- [What you are asked to do]: Look below for the line that has "Today we are"; output exactly from it through the line that has "So we went over", and leave the pictures out.

- [Data extract]:
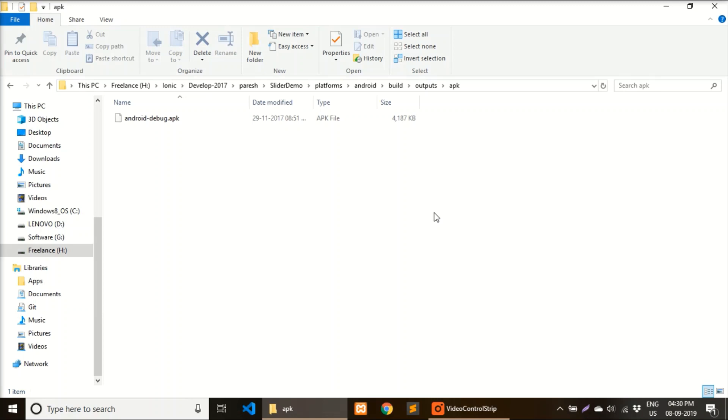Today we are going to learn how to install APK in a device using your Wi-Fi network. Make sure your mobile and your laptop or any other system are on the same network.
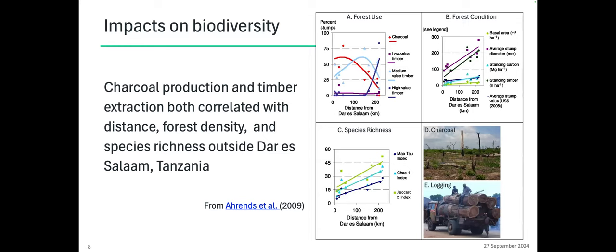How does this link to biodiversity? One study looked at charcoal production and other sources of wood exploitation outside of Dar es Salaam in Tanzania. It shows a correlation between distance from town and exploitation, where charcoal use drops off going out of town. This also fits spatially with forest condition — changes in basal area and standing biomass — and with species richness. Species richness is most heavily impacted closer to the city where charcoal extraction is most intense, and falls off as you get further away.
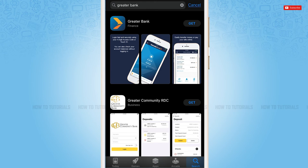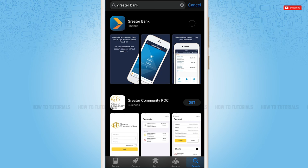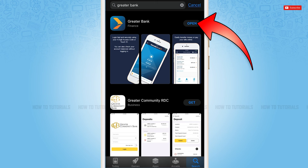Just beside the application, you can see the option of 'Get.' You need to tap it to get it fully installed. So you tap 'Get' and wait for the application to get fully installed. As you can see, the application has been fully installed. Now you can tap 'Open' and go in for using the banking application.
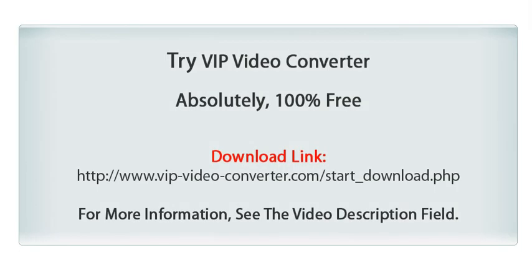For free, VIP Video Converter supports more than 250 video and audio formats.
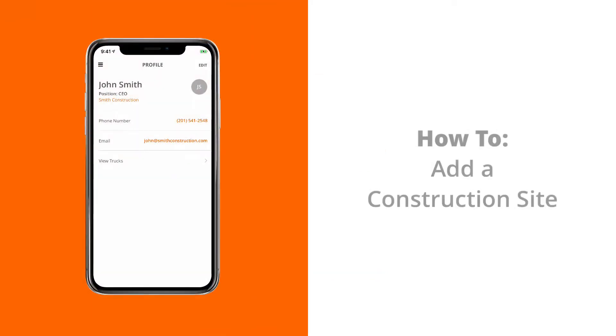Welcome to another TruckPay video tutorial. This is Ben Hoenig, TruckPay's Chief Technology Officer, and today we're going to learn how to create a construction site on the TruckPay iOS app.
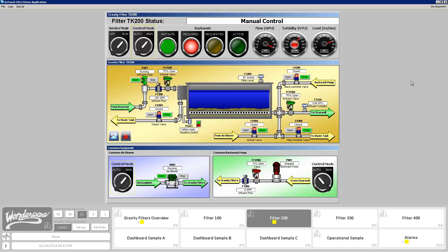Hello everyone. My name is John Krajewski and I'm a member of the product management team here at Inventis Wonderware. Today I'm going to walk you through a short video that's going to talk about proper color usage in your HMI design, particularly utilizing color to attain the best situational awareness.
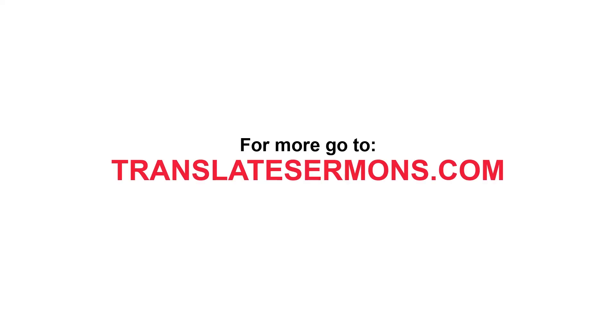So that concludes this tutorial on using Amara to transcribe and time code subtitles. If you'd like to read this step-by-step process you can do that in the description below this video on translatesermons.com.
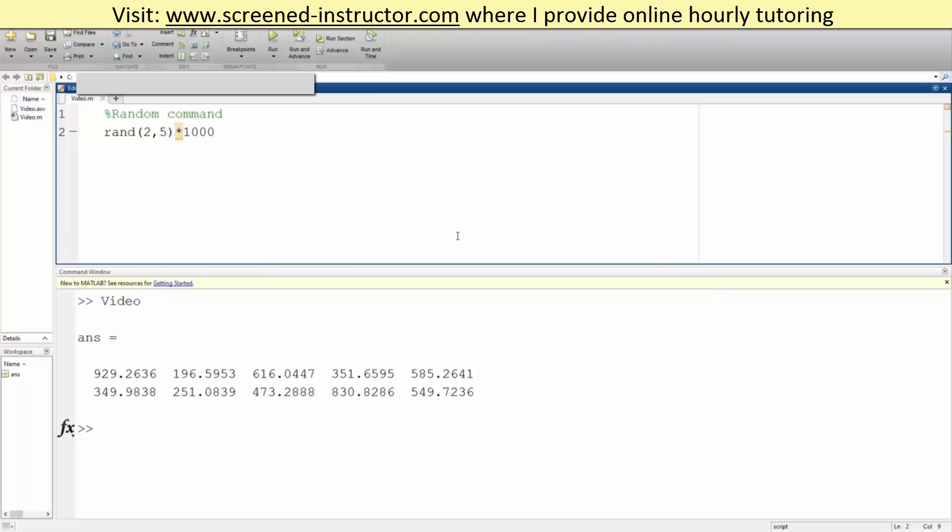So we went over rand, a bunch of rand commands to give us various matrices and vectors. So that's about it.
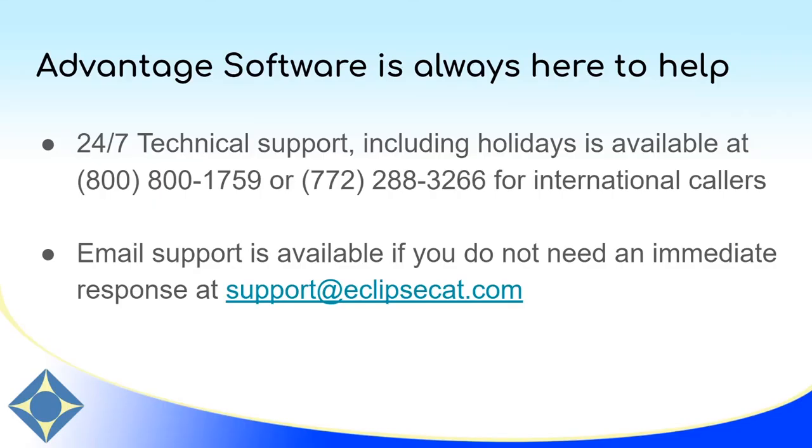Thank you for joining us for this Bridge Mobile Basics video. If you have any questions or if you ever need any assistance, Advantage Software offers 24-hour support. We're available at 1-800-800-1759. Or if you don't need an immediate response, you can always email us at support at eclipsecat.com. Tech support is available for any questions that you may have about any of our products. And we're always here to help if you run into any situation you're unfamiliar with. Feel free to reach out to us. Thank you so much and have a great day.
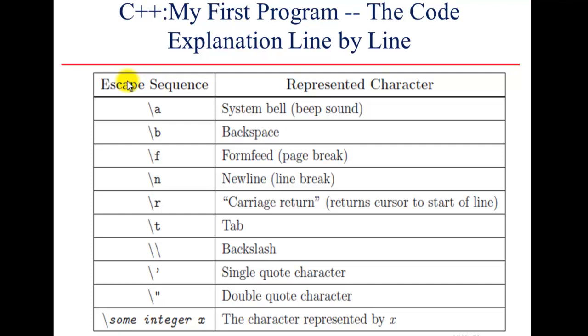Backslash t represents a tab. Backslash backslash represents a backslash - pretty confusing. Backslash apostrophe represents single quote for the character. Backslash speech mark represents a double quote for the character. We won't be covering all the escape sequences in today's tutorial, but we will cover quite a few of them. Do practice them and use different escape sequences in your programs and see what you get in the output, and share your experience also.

---

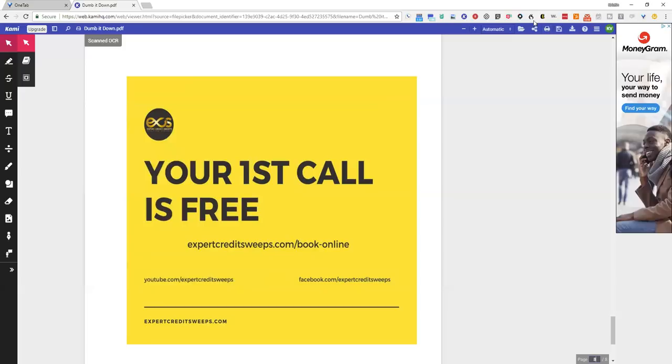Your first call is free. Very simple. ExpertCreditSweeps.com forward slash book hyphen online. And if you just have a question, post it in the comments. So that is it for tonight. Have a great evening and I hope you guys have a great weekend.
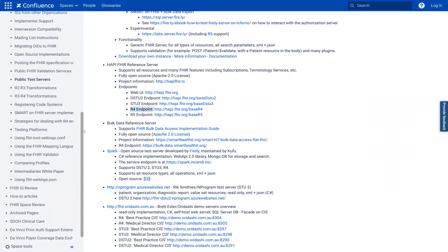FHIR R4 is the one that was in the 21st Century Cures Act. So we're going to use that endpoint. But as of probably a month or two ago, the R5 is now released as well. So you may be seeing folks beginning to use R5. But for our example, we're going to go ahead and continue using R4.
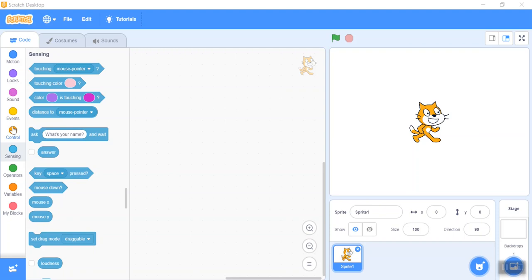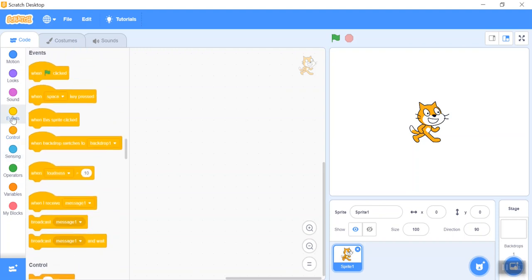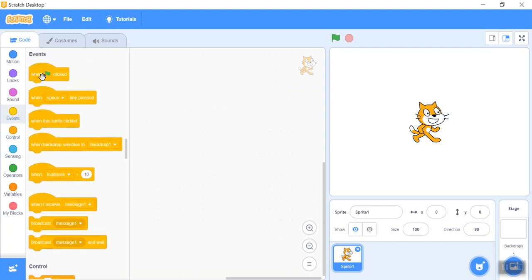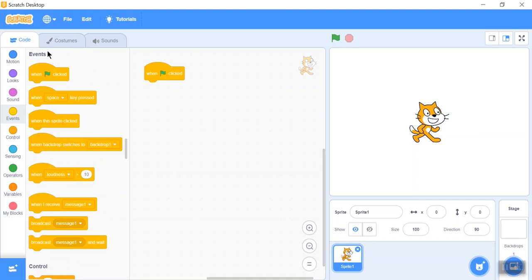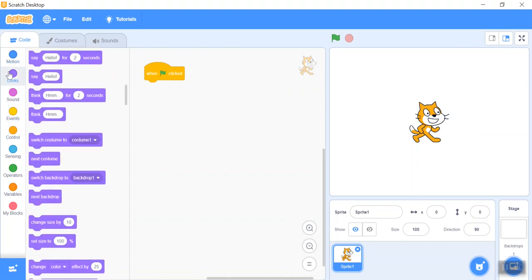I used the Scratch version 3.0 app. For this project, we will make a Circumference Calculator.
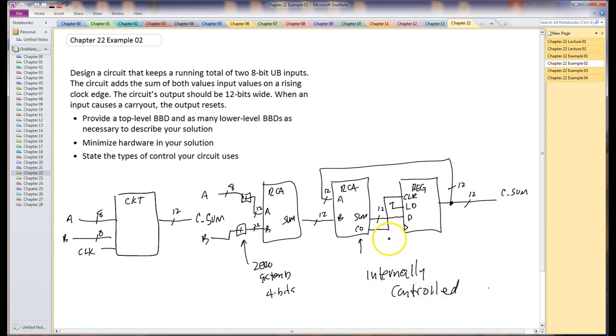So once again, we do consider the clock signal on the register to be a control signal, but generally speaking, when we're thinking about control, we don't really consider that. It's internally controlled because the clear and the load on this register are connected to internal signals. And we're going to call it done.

- [Solution to the problem]:
Today we are going to learn how to install APK in a device using your Wi-Fi network. Make sure your mobile and your laptop or any other system are on the same network.
How does this link to biodiversity? One study looked at charcoal production and other sources of wood exploitation outside of Dar es Salaam in Tanzania. It shows a correlation between distance from town and exploitation, where charcoal use drops off going out of town. This also fits spatially with forest condition — changes in basal area and standing biomass — and with species richness. Species richness is most heavily impacted closer to the city where charcoal extraction is most intense, and falls off as you get further away.
Just beside the application, you can see the option of 'Get.' You need to tap it to get it fully installed. So you tap 'Get' and wait for the application to get fully installed. As you can see, the application has been fully installed. Now you can tap 'Open' and go in for using the banking application.
For free, VIP Video Converter supports more than 250 video and audio formats.
Welcome to another TruckPay video tutorial. This is Ben Hoenig, TruckPay's Chief Technology Officer, and today we're going to learn how to create a construction site on the TruckPay iOS app.
Hello everyone. My name is John Krajewski and I'm a member of the product management team here at Inventis Wonderware. Today I'm going to walk you through a short video that's going to talk about proper color usage in your HMI design, particularly utilizing color to attain the best situational awareness.
So that concludes this tutorial on using Amara to transcribe and time code subtitles. If you'd like to read this step-by-step process you can do that in the description below this video on translatesermons.com.
So we went over rand, a bunch of rand commands to give us various matrices and vectors. So that's about it.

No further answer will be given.